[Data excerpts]

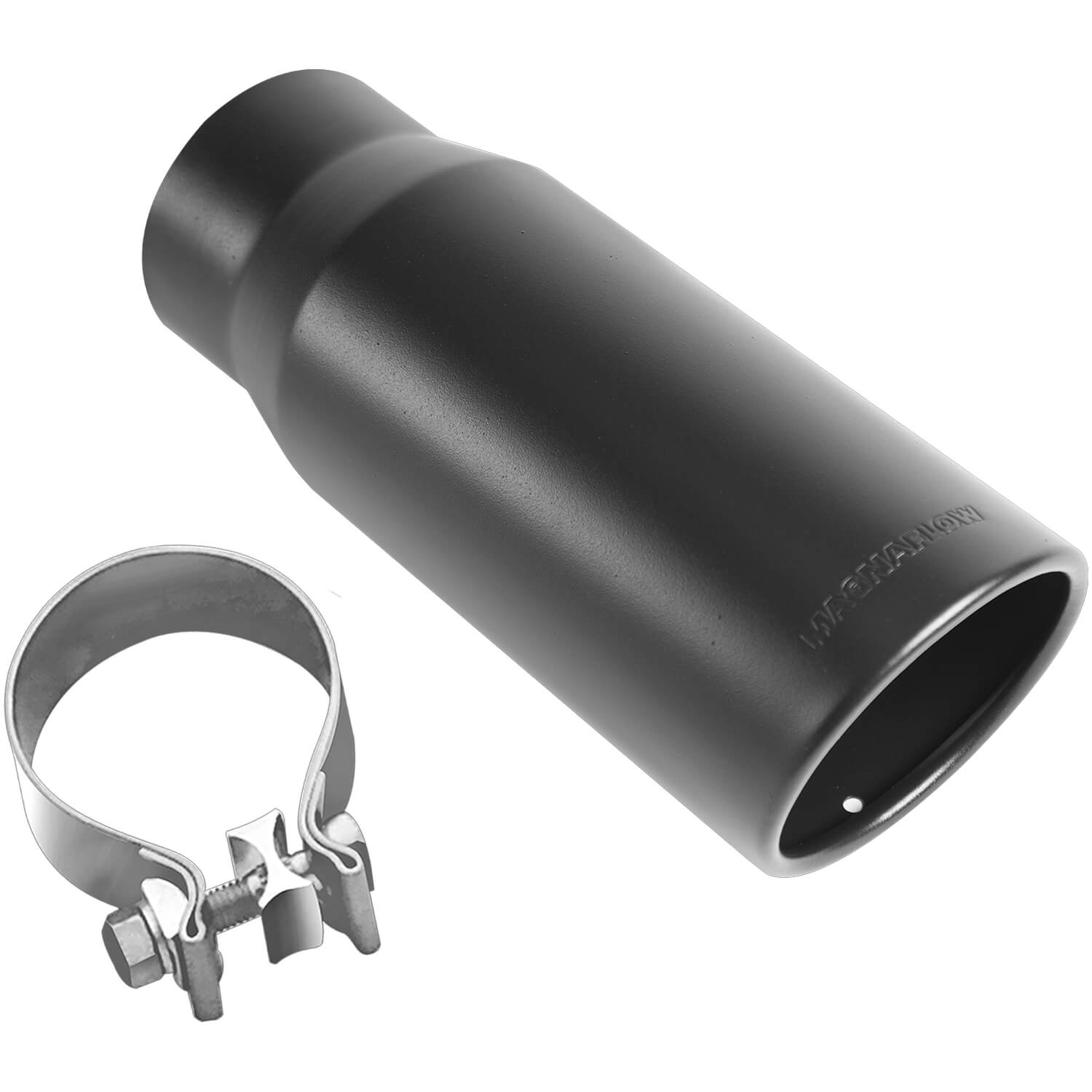 Polished Stainless Steel Clamp-On Single Exhaust Tip Inlet Inside Diameter: 4"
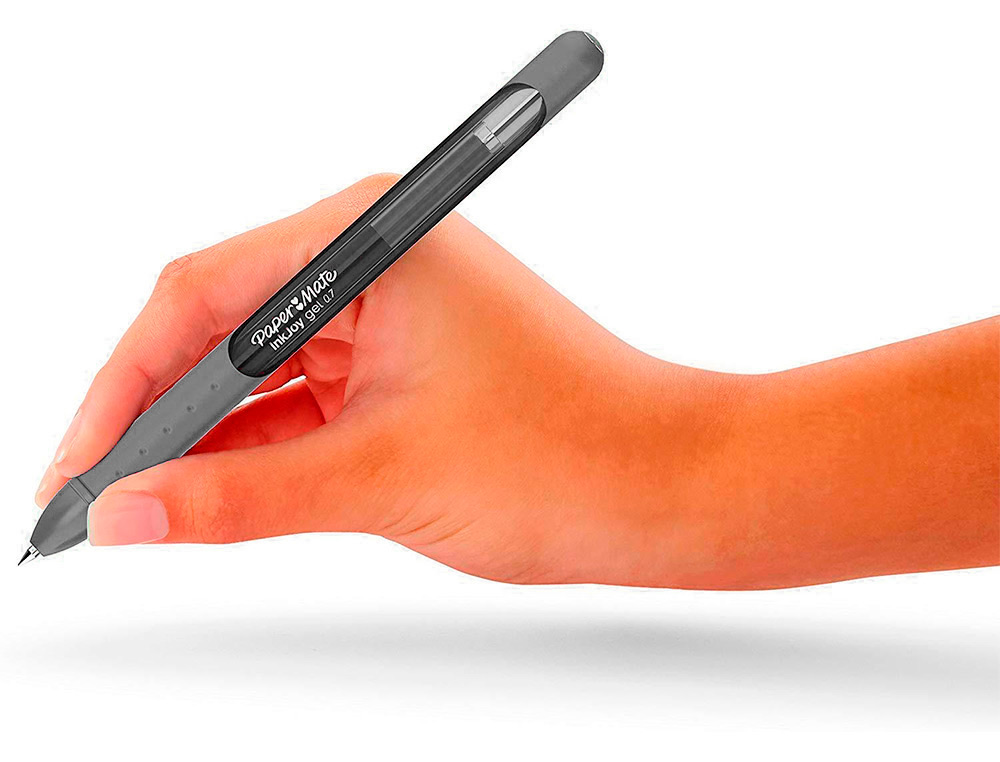 STYLO-BILLE PAPER MATE INKJOY GEL RÉTRACTABLE ÉCRITURE MOYENNE 0.7MM ENCRE DOUCE GRIP COLORIS NOIR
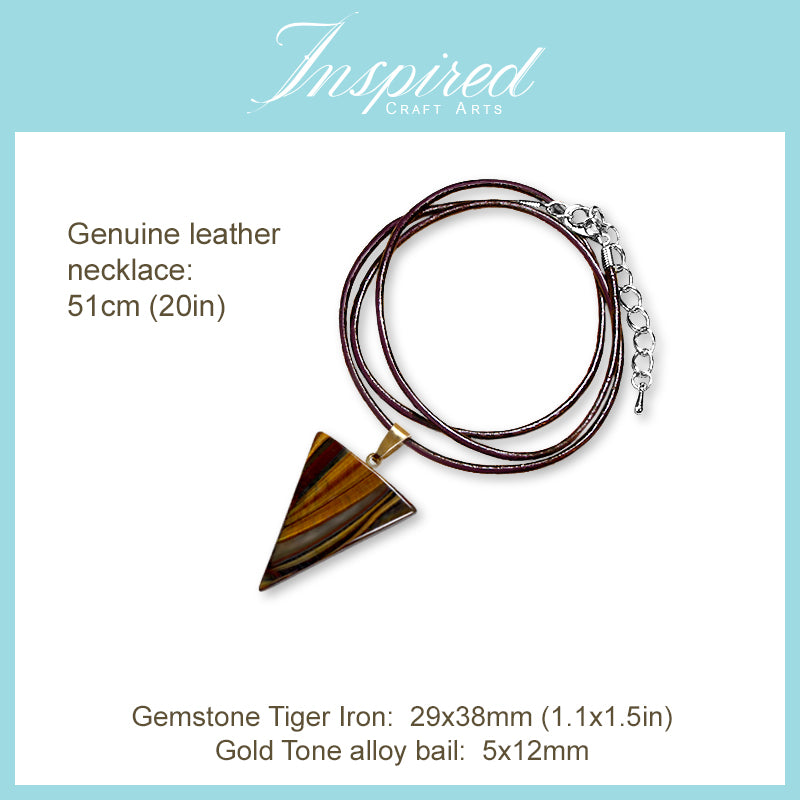 Tiger Iron Triangle pendant necklace | InspiredCraftArts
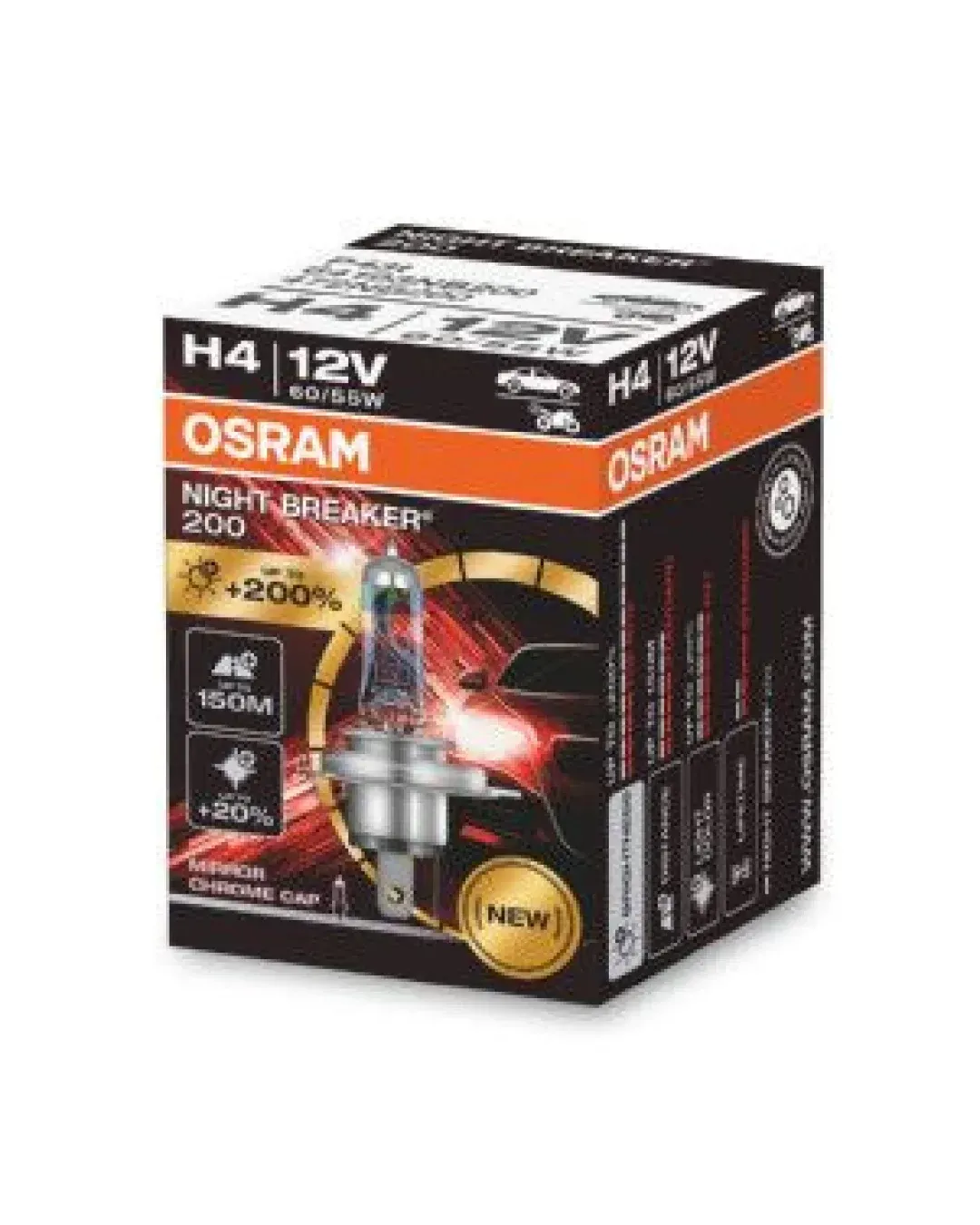 1 брой Халогенна крушка за фар Osram H4 Night Breaker +200% 60/55W 12V P43T
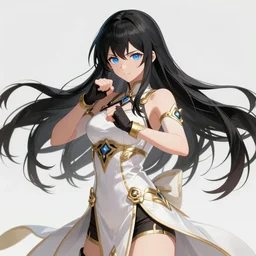 beautiful anime portrait of a female fighter!! long black hair! blue eyes! fighting stance!!!! intricate outfit gold and white outfit! elegant, artbook, illustration, fine details by stanley artgerm lau, wlop, rossdraws, james jean, andrei riabovitchev, marc simonetti, and sakimichan, trending on artstation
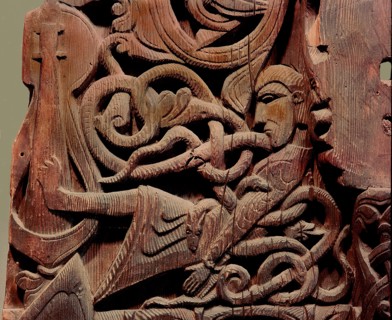 Detail of a carving from a stave church portal illustrating the story of Sigurd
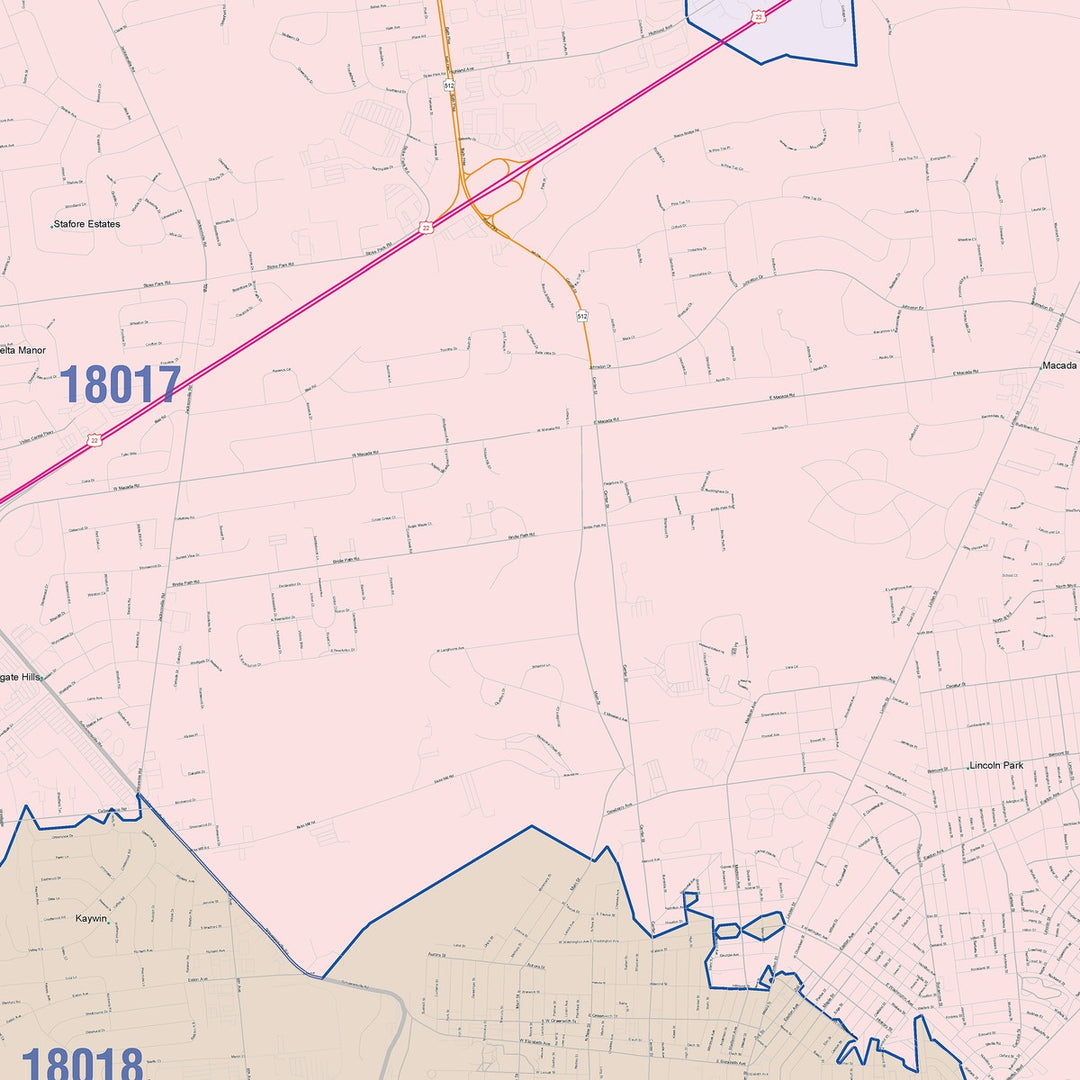 Color Cast Zip Code Style Wall Map of Bethlehen, PA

### Problem
Please output the lines from the line that contains "Tiger Iron Triangle" through the end of the records, both ends included, exactly and with no pictures.

### Response below
 Tiger Iron Triangle pendant necklace | InspiredCraftArts
 1 брой Халогенна крушка за фар Osram H4 Night Breaker +200% 60/55W 12V P43T
 beautiful anime portrait of a female fighter!! long black hair! blue eyes! fighting stance!!!! intricate outfit gold and white outfit! elegant, artbook, illustration, fine details by stanley artgerm lau, wlop, rossdraws, james jean, andrei riabovitchev, marc simonetti, and sakimichan, trending on artstation
 Detail of a carving from a stave church portal illustrating the story of Sigurd
 Color Cast Zip Code Style Wall Map of Bethlehen, PA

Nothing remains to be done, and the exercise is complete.